Re: Which one is the gain resistor ?
« Reply #10 on: December 04, 2011, 09:08:45 AM »
i was referring to texas instruments .. then i checked it again , it is indeed held to 1/2 VCC ...
any way to set gain ?
This is already prefabbed therefore i have no choice .

the way to increase the gain - as with any inverting opamp - is to allow less of the opamp's output signal to be 'fed back' to the opamp's inverting pin.

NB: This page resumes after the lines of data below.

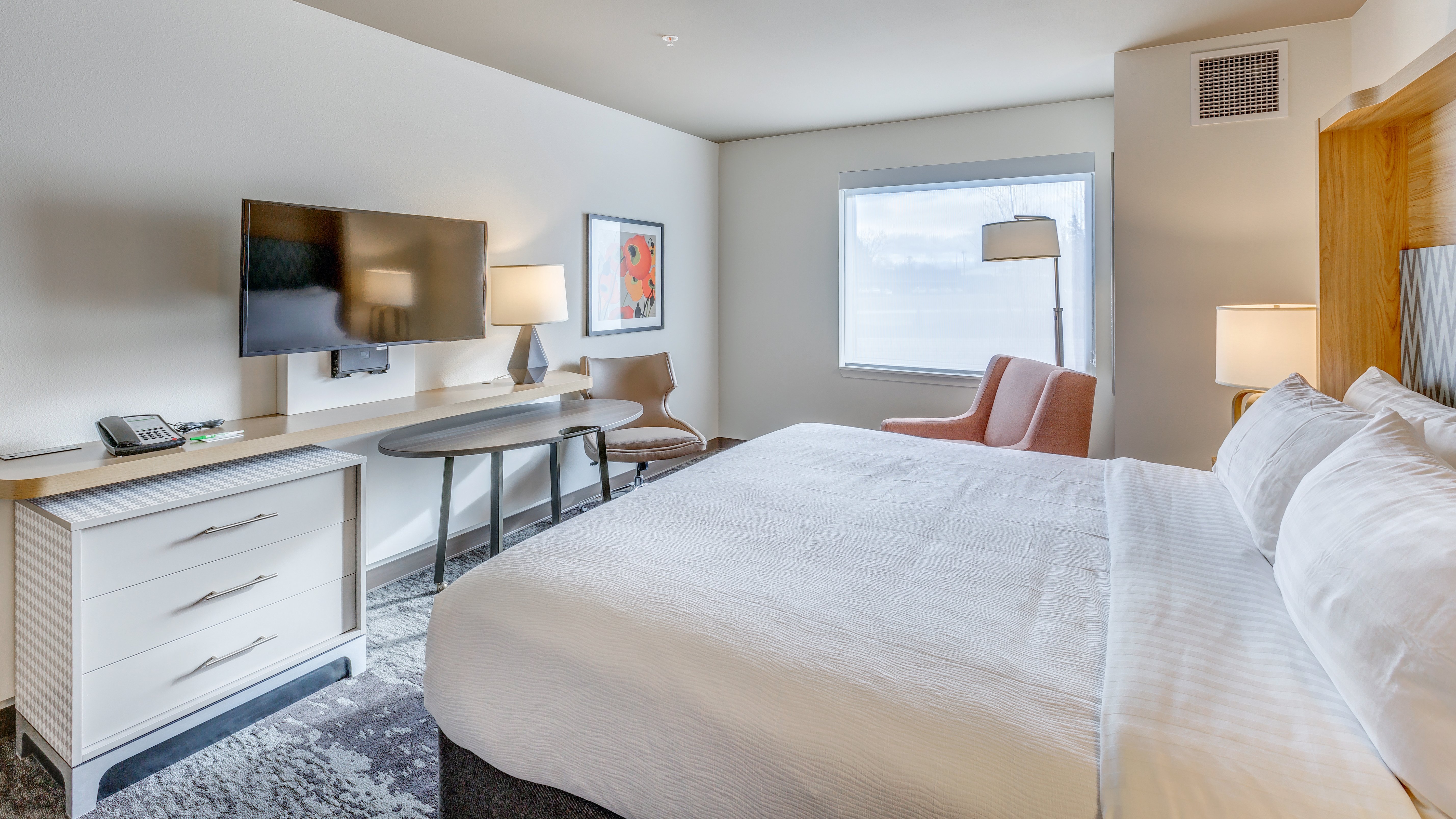 holiday inn and suites bellingham by ihg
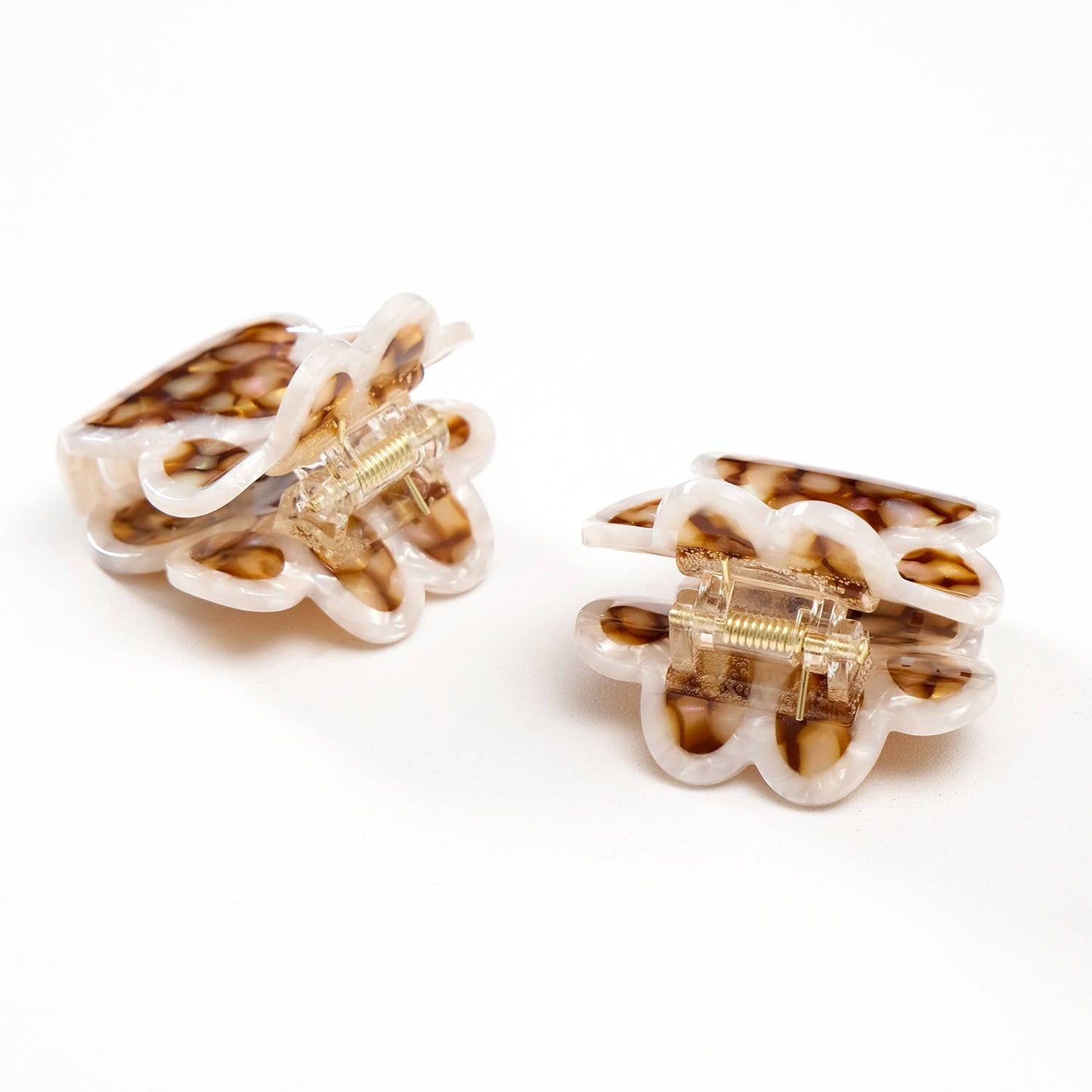 
                  
                    Paw Print Claw Clip - Small
                  
                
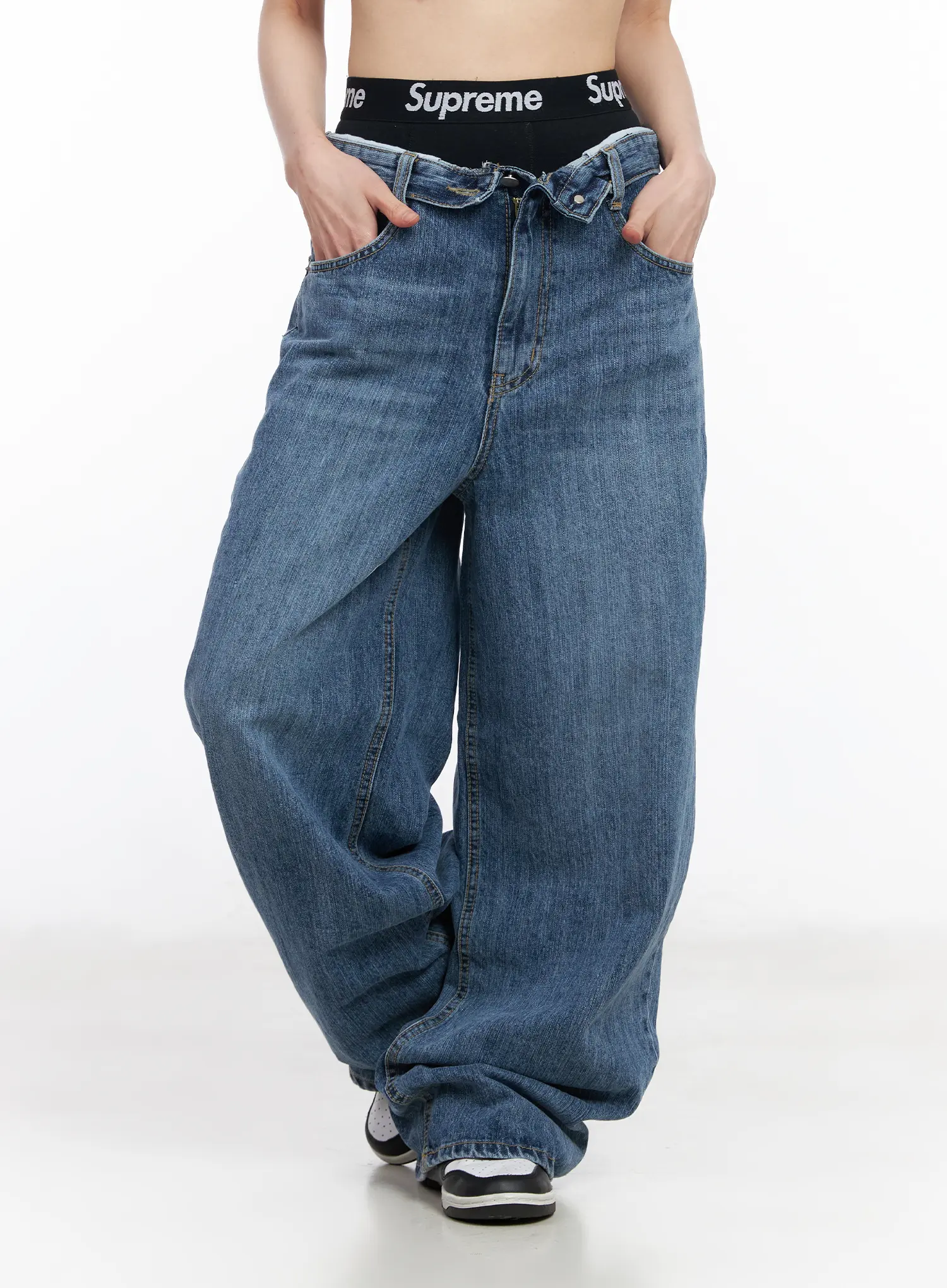 Eunj Low Rise Wide Leg Jeans CM519 - Image 2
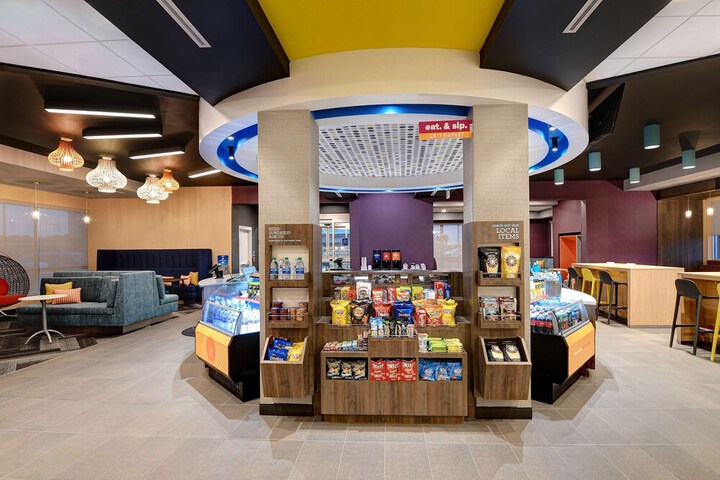 Snack bar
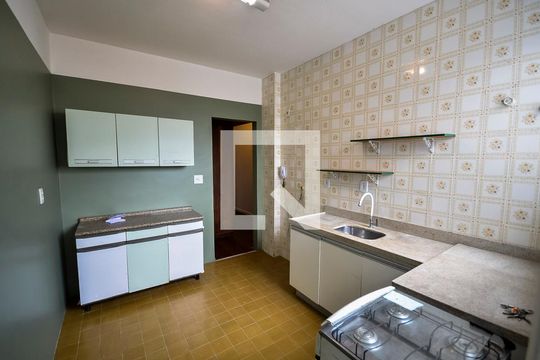 Cozinha de apartamento à venda com 3 quartos, 130m² em Tijuca, Rio de Janeiro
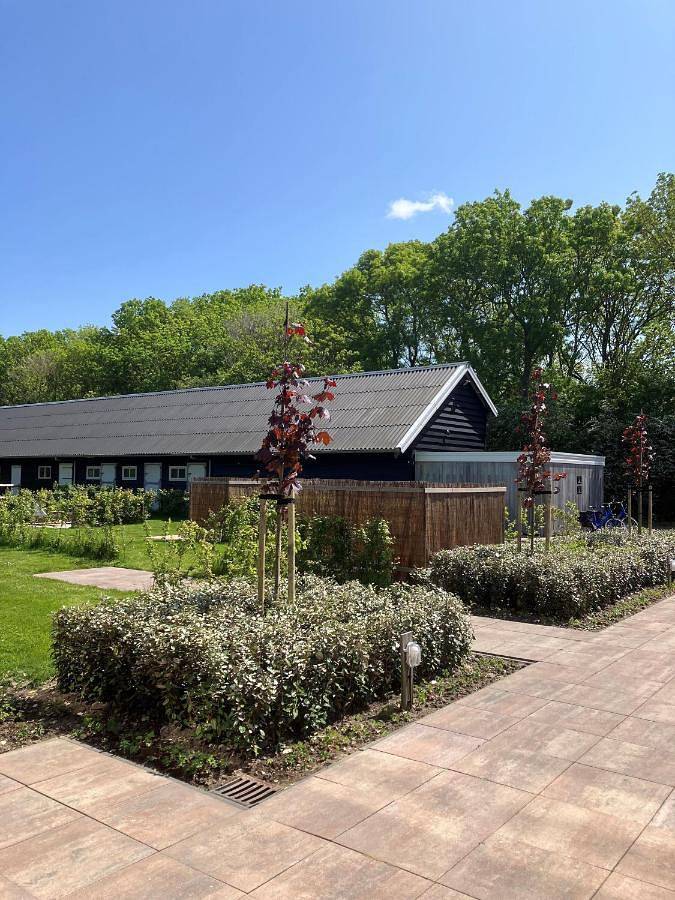 Geheel appartement, Basement Double Room in Domburg, Walcheren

When you feedback 100% of the signal you get a gain of 1 from the opamp, when you feedback none of the output signal you get a gain of ininfity - normally a voltage divider chain is utilised to set the gain somewhere in between ...therefore if you want more gain, I'd say put a resistor between the opamp pin 6 & R7....as a finger in the air, I'd say something like 47k to start with.
« Last Edit: December 04, 2011, 09:10:59 AM by Gurner »

DavenPaget

Re: Which one is the gain resistor ?
« Reply #11 on: December 04, 2011, 09:17:06 AM »
i was referring to texas instruments .. then i checked it again , it is indeed held to 1/2 VCC ...
any way to set gain ?
This is already prefabbed therefore i have no choice .

the way to increase the gain - as with any inverting opamp - is to allow less of the opamp's output signal to be 'fed back' to the opamp's inverting pin.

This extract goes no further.